Comme le révélait le site d’information Lakome, Hakim Benchamach a envoyé le 30 décembre 2016 une correspondance à Mustapha Ramid, alors ministre de la Justice et qui avait donc autorité sur le parquet pour « l’ouverture d’une enquête sous la supervision du parquet pour définir les responsabilités et préparer les poursuites judiciaires au sujet de la violation du secret des travaux de la commission d’enquête sur la caisse marocaine des retraites à la chambre des conseillers ». Dans sa correspondance publiée par Lakome, Hakim Benchamach fournit des détails sur les articles incriminés et leurs auteurs.

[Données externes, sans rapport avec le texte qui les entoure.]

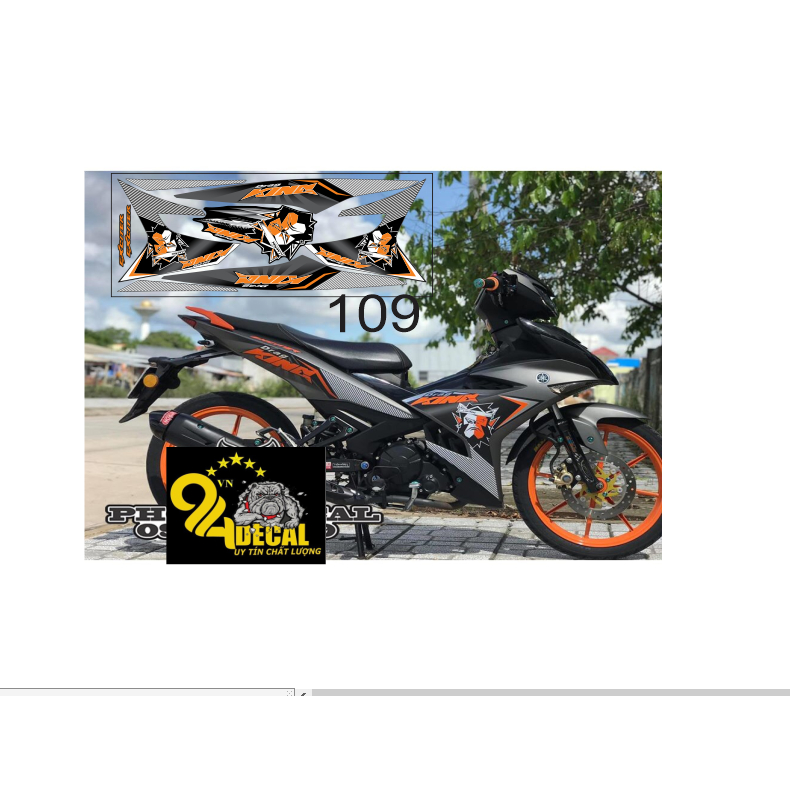 tem rời exciter 150 cao cấp đa dạng màu sắc
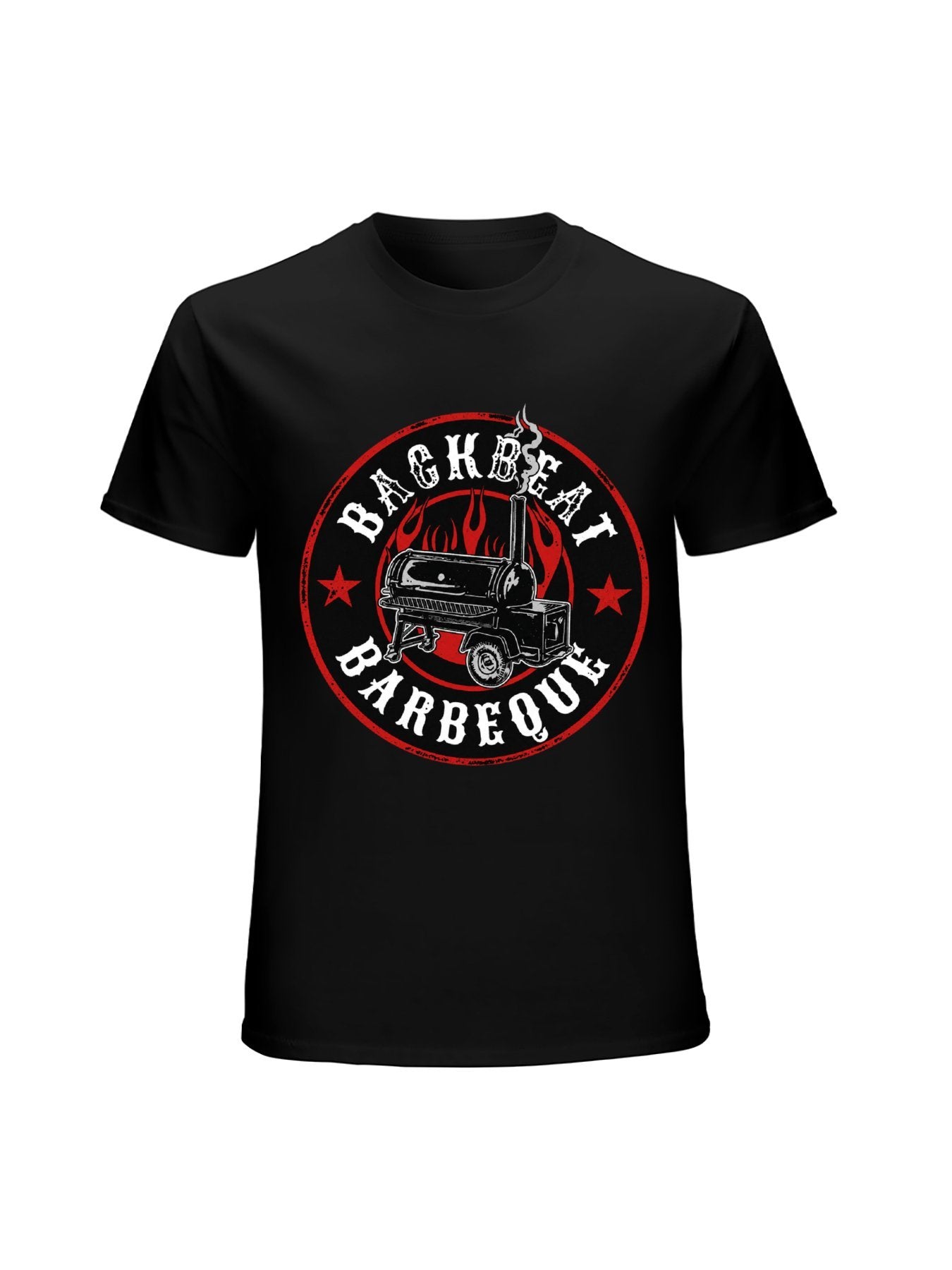 Backbeat Barbeque Smoker Grill Graphic T-Shirt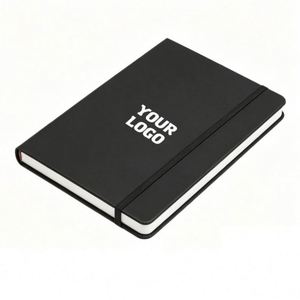 Wholesale with Elastic Strap Pu <b>Journal</b> A5 A6 Notebook Printed Brand Logo Note Book Custom PU Leather <b>Journal</b> Notebook Custom - Product Image 1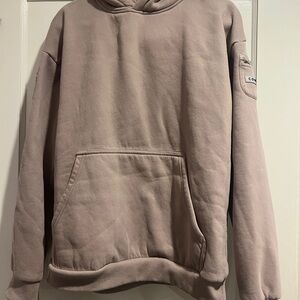 Comfrt travel essentials Hoodie- bark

En marge du début du procès en janvier 2018, le président de la deuxième chambre avait démenti avoir « engagé une procédure devant la justice à l’encontre d’un membre de la chambre des conseillers ou un journaliste ». Il précisait qu’il « a uniquement transmis une correspondance provenant du président de la commission d’enquête au ministre de la Justice et des Libertés demandant l’ouverture d’une enquête au sujet de la divulgation d’informations et de données publiées par la presse concernant les délibérations de la commission, qui revêtent un caractère secret, en application de la loi organique nº 085-13 relative aux modalités de fonctionnement des commissions d’enquête parlementaires ».
En mars 2018, le syndicat annonçait dans un communiqué que Hakim Benchamach avait retiré sa plainte, mais le procès a suivi son cours.